* [The task] Write out exactly the lines of the entries below from the one holding "Item preview, I" to the one holding "淘宝无线流量提升方法,如何轻松提升淘宝无线流量 淘宝无线", inclusive, and leave out all other lines.

* [Records supplied]
+ + +

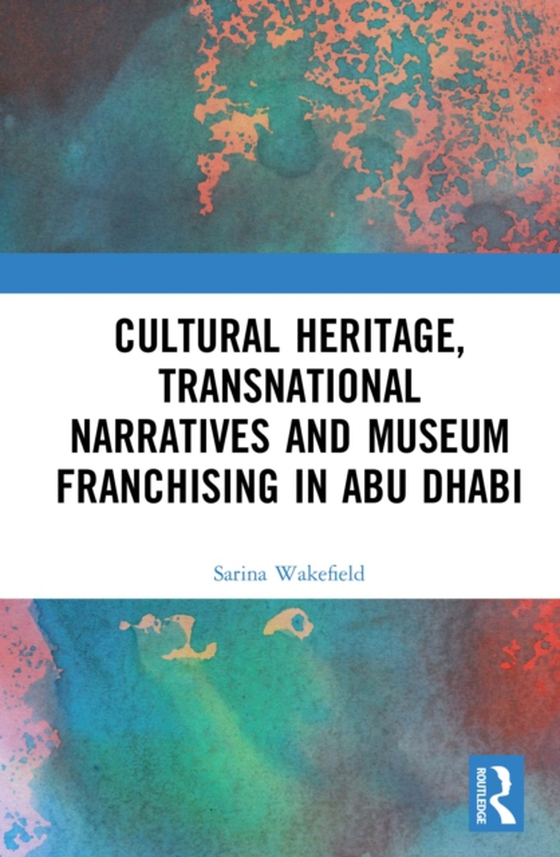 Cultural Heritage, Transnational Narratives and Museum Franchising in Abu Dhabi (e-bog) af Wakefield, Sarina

+ + +

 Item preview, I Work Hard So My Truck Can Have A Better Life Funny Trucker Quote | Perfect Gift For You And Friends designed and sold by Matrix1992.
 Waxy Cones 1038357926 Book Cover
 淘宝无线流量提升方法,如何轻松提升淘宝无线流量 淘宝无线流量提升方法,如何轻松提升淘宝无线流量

+ + +

* [Reply to the task]
 Item preview, I Work Hard So My Truck Can Have A Better Life Funny Trucker Quote | Perfect Gift For You And Friends designed and sold by Matrix1992.
 Waxy Cones 1038357926 Book Cover
 淘宝无线流量提升方法,如何轻松提升淘宝无线流量 淘宝无线流量提升方法,如何轻松提升淘宝无线流量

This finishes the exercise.